Talking Drums

The West African News Magazine

The vision of an independent state of Ghana

William Ofori-Atta

The 18th annual J.B. Danquah Memorial Lectures were held at the British Council Hall in Accra recently under the theme "Ghana - A Nation In Crisis". The lectures, organised by the Ghana Academy of Arts and Sciences were given by Mr William Ofori-Atta, a founding member of the United Gold Coast Convention (UGCC). He was also one of the "Big Six" who were detained by the Colonial Government for their part in the Independence Struggle. The others were Dr Kwame Nkrumah, Dr J.B. Danquah, Mr Ako-Adjei, Mr Akuffo-Addo and Mr Obetsebi-Lamptey. We reproduce below Mr Ofori-Atta's lecture on "A Vision Of An Independent State Of Ghana" a result of many requests from people who have only read parts of the speech.
Mr Chairman, distinguished ladies and gentlemen, I want to invite all of you to join me in thanking the Academy of Arts and Sciences for opening its distinguished and enviable platform for J.B. Danquah Memorial Lectures to me also, to me a Non-Academician, to me an old man soon, if the 1979 prophets are right, soon to be consigned and confined to one of the fast filling cemeteries, to wit, the Osu cemetery. This invitation enables me to play a part in these great and memor- able lectures which have won international fame for their scholarship and excellence.

The Ghana Academy of Arts and Sciences, have, in their wisdom, decided that the memory of Danquah's life, thoughts, dreams, writings, and struggle for Ghana's independence and self-government deserved to live, should be kept alive through the generations to come.

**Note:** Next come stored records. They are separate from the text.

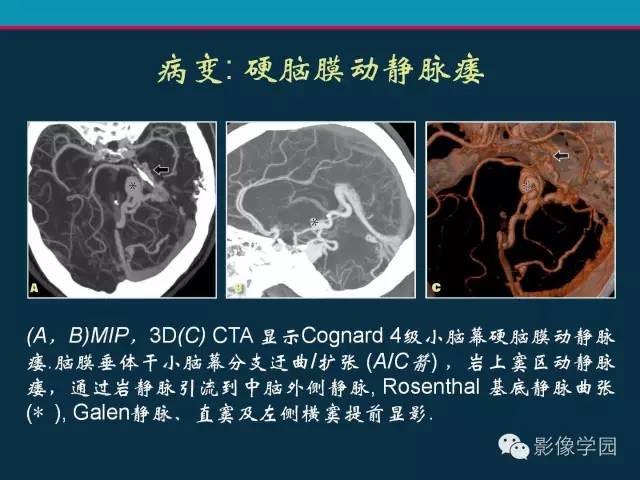 【PPT】颅脑静脉系统CT血管造影：解剖、病理及陷阱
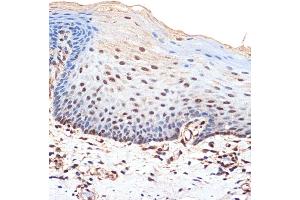 Immunohistochemistry of paraffin-embedded human esophageal using B Rabbit mAb (ABIN7265826) at dilution of 1:100 (40x lens).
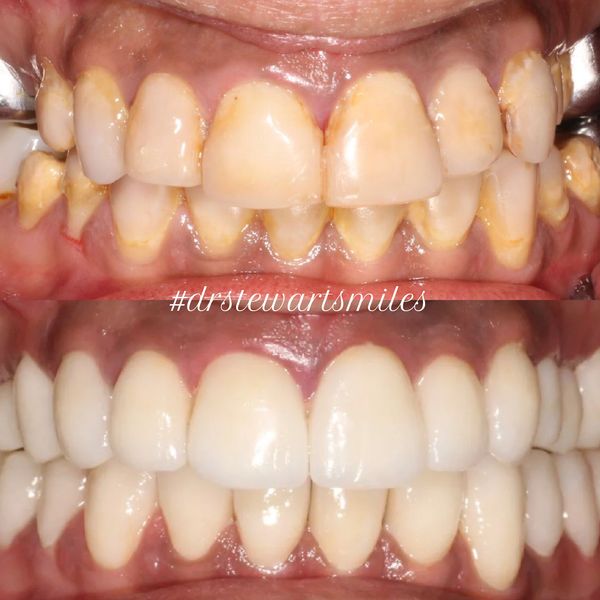 A before and after image of a persons mouth who received crowns top and bottom by Dr Hayden Stewart.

I am being called upon today to play a part in this worthy exercise on this exceedingly responsible platform. My one prayer is that my Lord may make me able to use this occasion for His own glory and for the blessing of His dear nation, Ghana.

I was at Dr Danquah's feet as his student for 37 years, from 1927 to January 1964 the last time I saw him alive. I was close to him at Kyebi: I was close to him at his press, The Times of West Africa, for I was a shareholder and a regular contributor of articles to his paper. I was with him at the Youth Conference and the United Gold Coast Convention. We were detained together in 1948 with four others, I served with him in the Legislative Assembly from 1951 to 1954 in opposi- tion to the CPP Government. I was his loving and admiring nephew.

I mention these facts only to authenticate my testimony about Dr Danquah. Three things about him stand out. He was a courageous man, fearless in attack and in defence; his passion for freedom was aglow with action, and was greatly inspiring; he dedicated himself to a total fight for the independence and self-government of Ghana without any thought of gain to himself or his relations. Above all he had an invincible love for Ghana, as his country and his home, Danquah, "the glory late" of Ghana is no more, but the Ghana for which he died lives. This month and year date the 20th anniversary of his death.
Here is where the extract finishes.